The same approach could be applied to vaccines for other diseases, such as rubella and mumps. Unfortunately, Griffin says, there are hurdles that have nothing to do with the science; researchers have been unable to secure funding to continue studying the powdered measles vaccine. “The vaccine community is very reluctant to do the testing and navigate the regulatory hurdles required to replace a cheap, successful vaccine with something even better,” she says.

Stronger links

For the time being, vaccinators are relying on liquid vaccines. Researchers at Global Good, a collaboration between the research laboratory Intellectual Ventures, of Bellevue, Washington, and the Bill & Melinda Gates Foundation, are developing a vaccine carrier designed to keep medicine cold while surviving journeys along bumpy roads in areas without electricity.

The carrier is essentially a high-tech version of a thermos: two stainless-steel cylinders with a vacuum in between for insulation. The cylinders are corrugated, increasing the surface area, so that heat from the outside has to follow a much longer path to reach inside the container. It's wrapped in thin, multiple layers of aluminium foil that act as an insulator and reflect heat from the container. “We have specifically designed it to fight the three ways that heat moves: convection, conduction, and radiation,” says Geoff Deane, vice president at Intellectual Ventures. Only 1 W of heat energy leaks into the device, he says, compared to 30–50 W for the best insulating styrofoam carriers. Ice in separate plastic containers inside the carrier keeps it cool but doesn't come into direct contact with the vaccine, and keeps the vaccine fresh for over a month. Simple, battery-powered electronics record the temperature being maintained, while a GPS device tracks the carrier's location. All this information can be transmitted via SMS message. “Once a day it phones home and reports that data,” Deane says. The team is performing field trials of the carrier in West Africa and a manufacturing partner is preparing to produce the device. Deane expects it will be ready for sale to vaccine distributors by mid-2014.

Such monitoring and tracking technology is already in use across the cold chain, says Liz Peloso, who heads PATH's Better Immunization Data Initiative, a new five-year, US$19.5 million project funded by the Gates Foundation. For instance, many health centres have US$20 electronic tags that monitor temperatures in storage refrigerators, and then send the data to a central repository. But these technologies are not currently used to their full potential, says Peloso.

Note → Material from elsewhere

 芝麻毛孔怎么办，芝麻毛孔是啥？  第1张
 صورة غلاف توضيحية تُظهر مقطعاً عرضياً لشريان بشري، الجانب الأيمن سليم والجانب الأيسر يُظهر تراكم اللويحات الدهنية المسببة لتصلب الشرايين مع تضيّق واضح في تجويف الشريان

In many cases, she says, workers at the local health centre are not privy to the information, which does not reach a central health district until weeks later. Or one health centre might be out of a vaccine while a neighbouring centre a few kilometres away has vials it can't use before they expire, but there's no way to share that information and, therefore, the extra vaccine. There needs to be a culture change that encourages local workers to identify and solve problems, Peloso says; if a tag records that a refrigerator temperature is going out of range at certain times, the local workers should know to check whether there's a problem with the power supply or someone is leaving the door open. Such simple responses usually aren't happening, she says. The initiative's aim is to develop protocols that take advantage of collected data to answer the question: “How do you turn the data points into information that somebody can use?”

The Better Immunization Data Initiative will launch its first project in Tanzania later in 2014, then start adding other countries where the infrastructure — electricity and communications — is stable enough to take advantage of the technology.

Ultimately, protocols designed to improve immunization could also spill into other areas, such as perinatal care, AIDS treatment and nutrition. “If you can make these things more efficient and effective,” Peloso says, “you can really make a difference in how a country's health system operates.”